- _Data records_:
Content starts
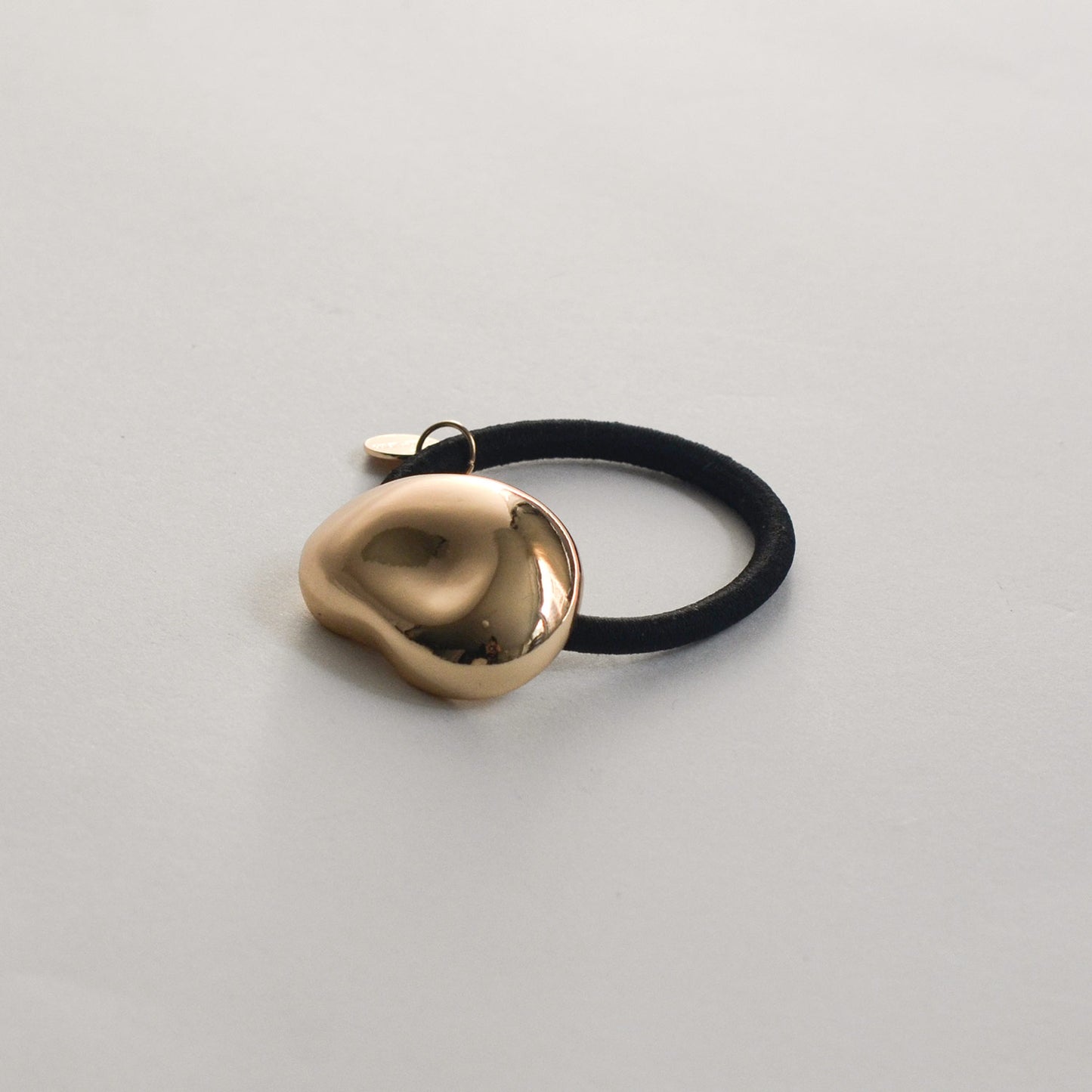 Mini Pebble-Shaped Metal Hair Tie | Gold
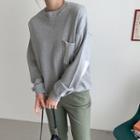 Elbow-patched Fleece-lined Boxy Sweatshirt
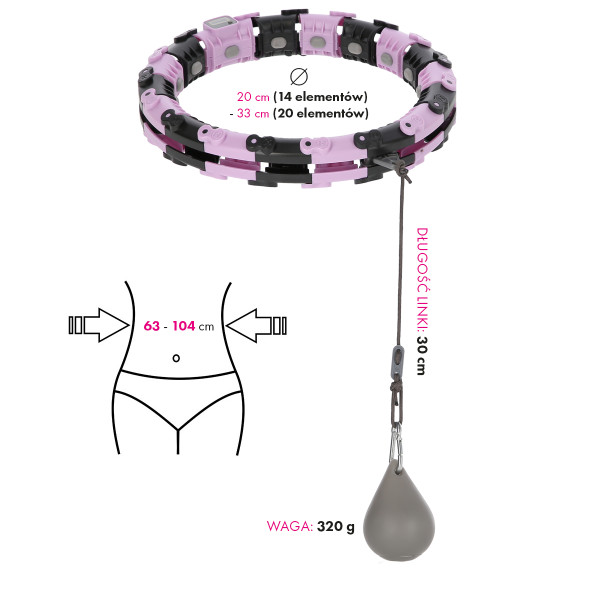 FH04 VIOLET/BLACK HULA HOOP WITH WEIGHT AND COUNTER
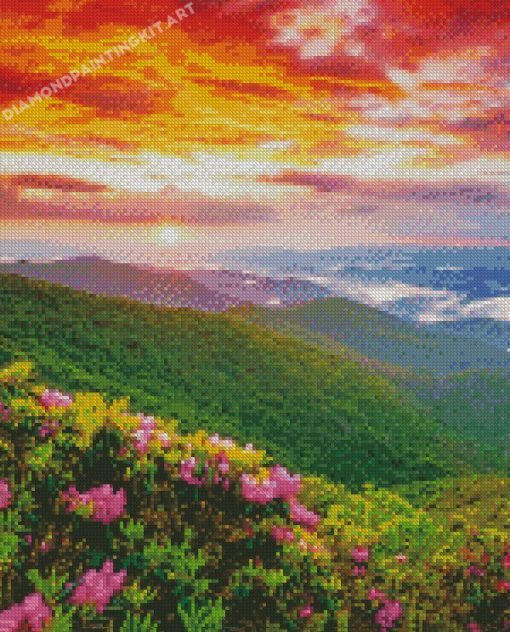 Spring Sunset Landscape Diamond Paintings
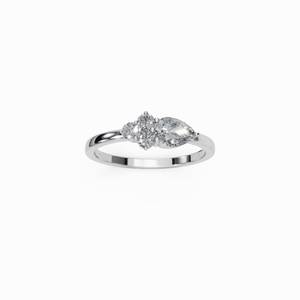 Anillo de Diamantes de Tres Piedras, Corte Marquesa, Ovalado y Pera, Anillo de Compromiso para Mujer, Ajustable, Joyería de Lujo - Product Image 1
Content ends
Content starts
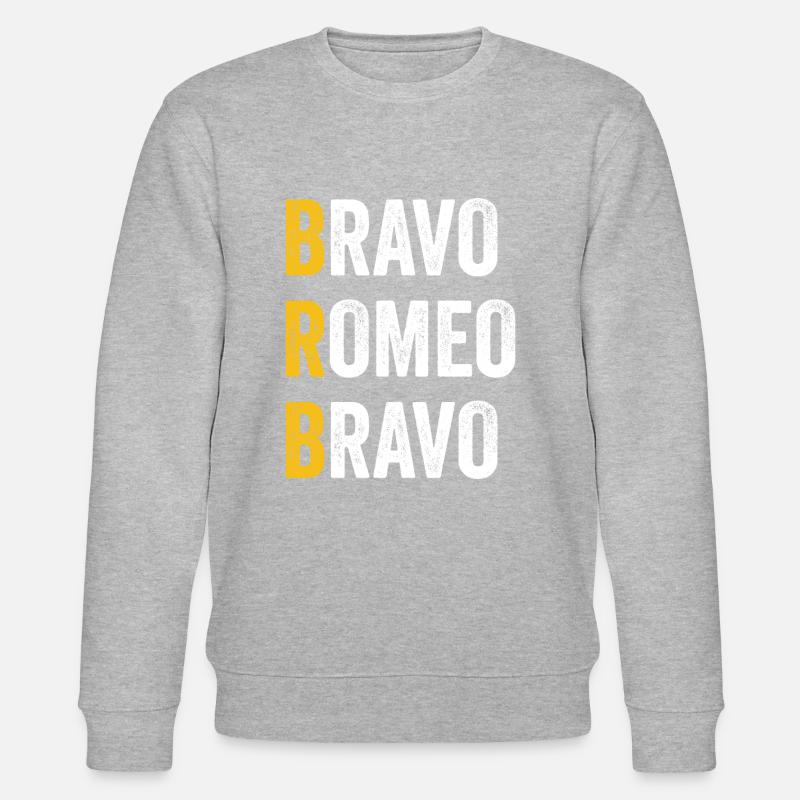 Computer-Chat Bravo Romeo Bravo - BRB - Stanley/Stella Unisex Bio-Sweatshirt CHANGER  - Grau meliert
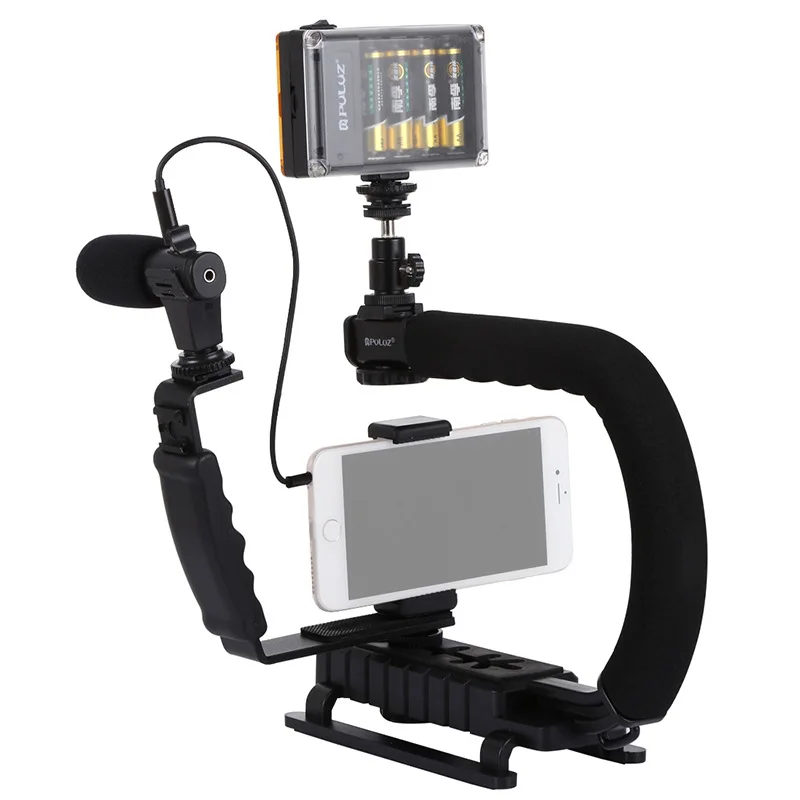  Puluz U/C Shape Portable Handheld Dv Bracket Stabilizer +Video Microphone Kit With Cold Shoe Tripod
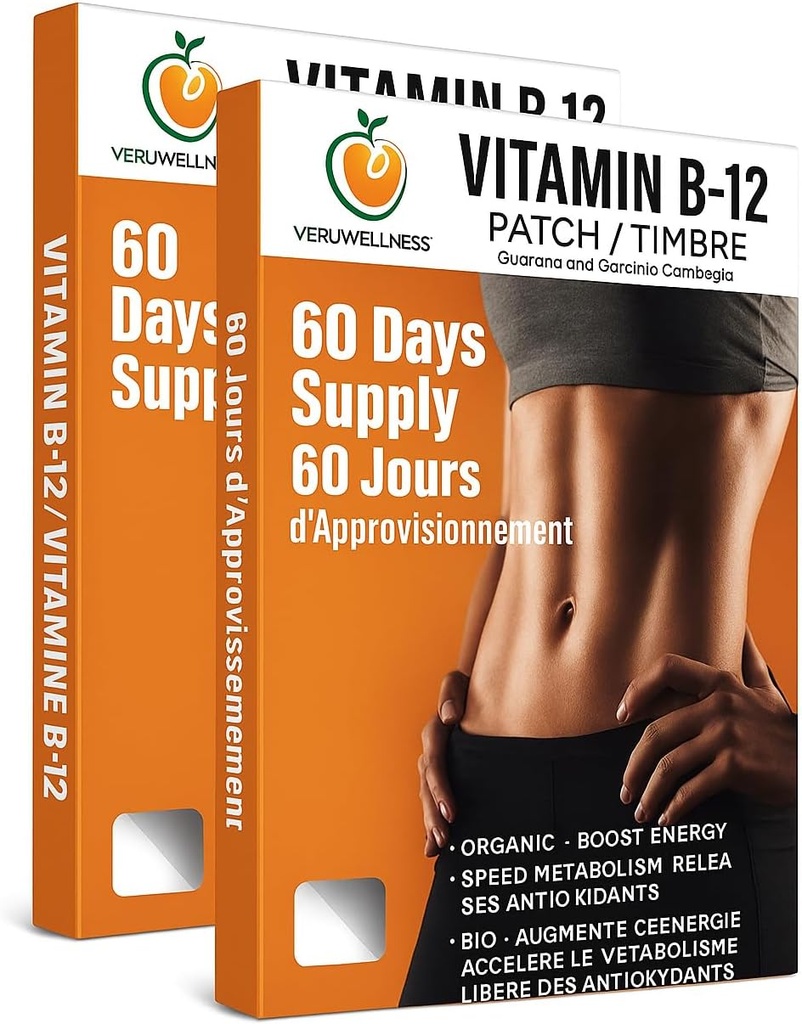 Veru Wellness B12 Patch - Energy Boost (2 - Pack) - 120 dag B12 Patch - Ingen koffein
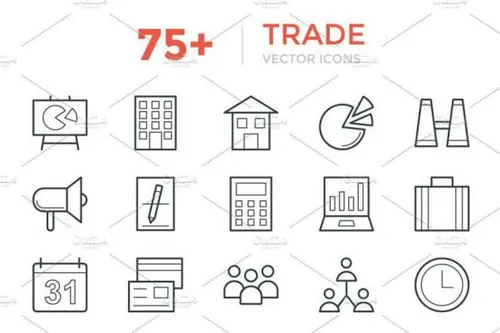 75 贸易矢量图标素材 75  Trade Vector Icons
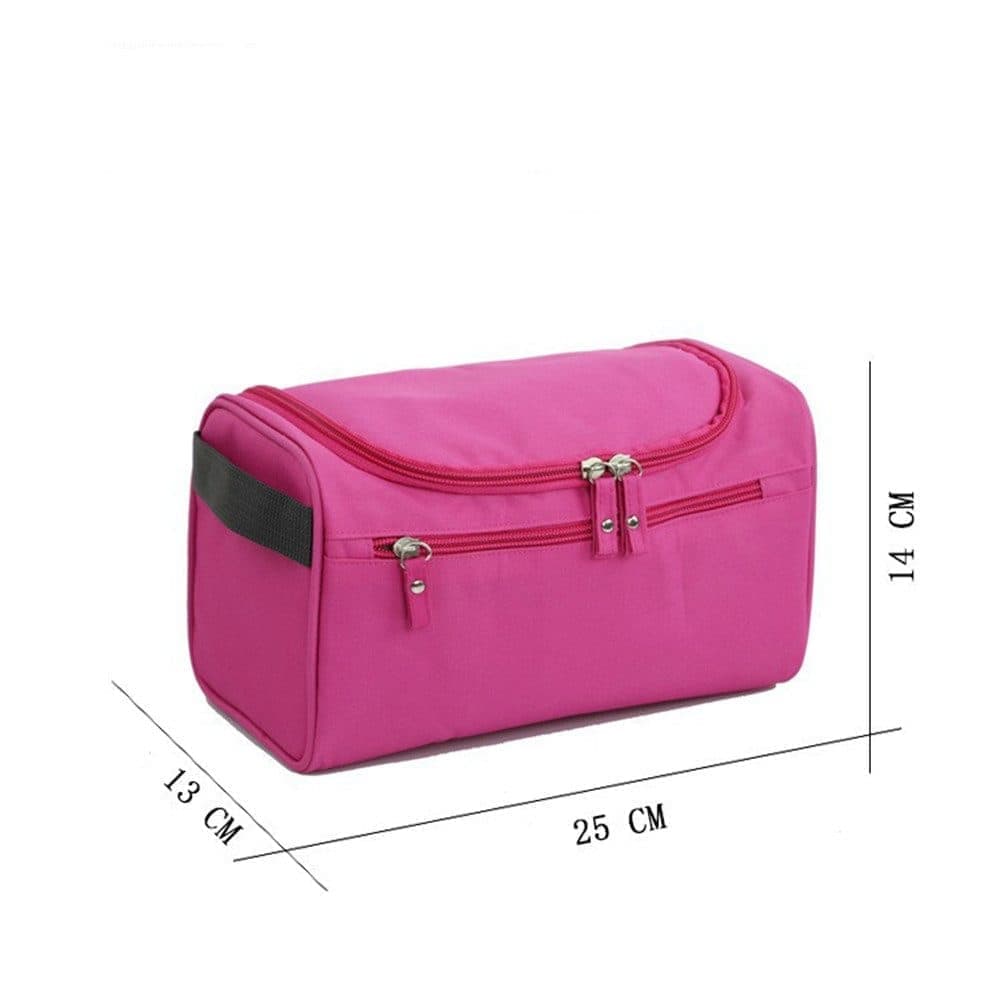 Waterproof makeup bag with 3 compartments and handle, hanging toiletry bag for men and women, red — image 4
Content ends
Content starts
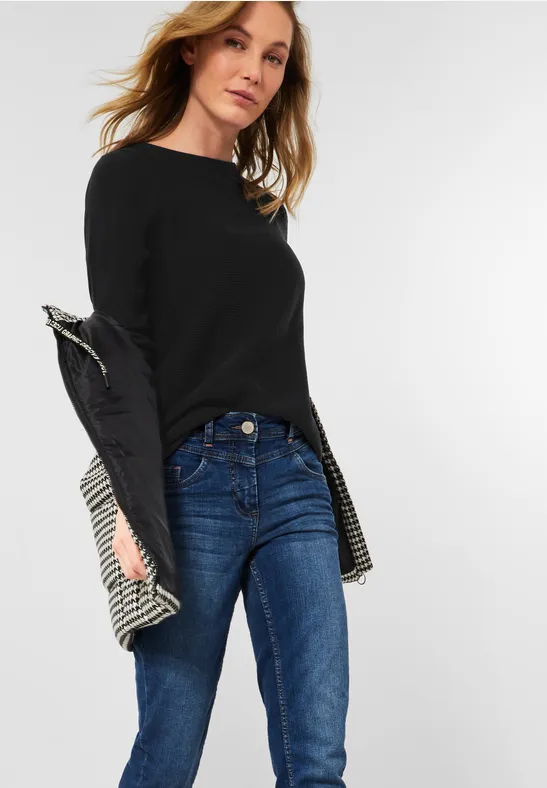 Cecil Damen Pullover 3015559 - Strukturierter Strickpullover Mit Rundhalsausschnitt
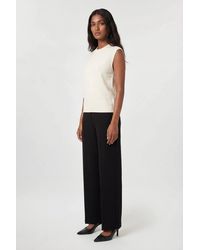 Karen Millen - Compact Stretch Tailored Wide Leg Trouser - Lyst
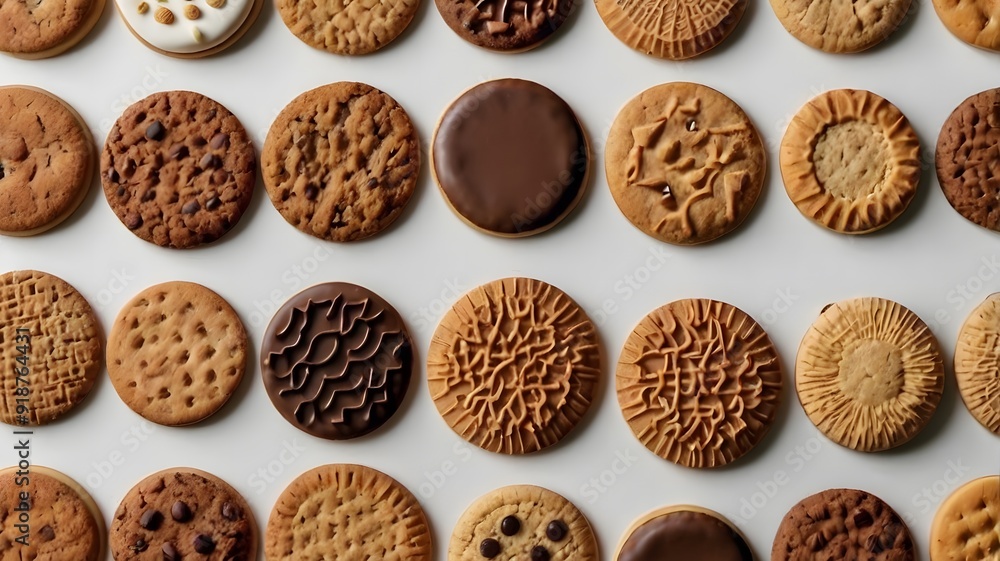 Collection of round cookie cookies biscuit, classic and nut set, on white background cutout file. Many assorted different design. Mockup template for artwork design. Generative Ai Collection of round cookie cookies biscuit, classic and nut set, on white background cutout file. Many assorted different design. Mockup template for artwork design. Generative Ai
Content ends
- _Task item_: With the pictures omitted, restate word for word the lines above from the line that has "Mini Pebble-Shaped Metal Hair Tie | Gold" up to and including the line that has "Anillo de Diamantes", and no other lines.

- _Result for this exercise_:
 Mini Pebble-Shaped Metal Hair Tie | Gold
 Elbow-patched Fleece-lined Boxy Sweatshirt
 FH04 VIOLET/BLACK HULA HOOP WITH WEIGHT AND COUNTER
 Spring Sunset Landscape Diamond Paintings
 Anillo de Diamantes de Tres Piedras, Corte Marquesa, Ovalado y Pera, Anillo de Compromiso para Mujer, Ajustable, Joyería de Lujo - Product Image 1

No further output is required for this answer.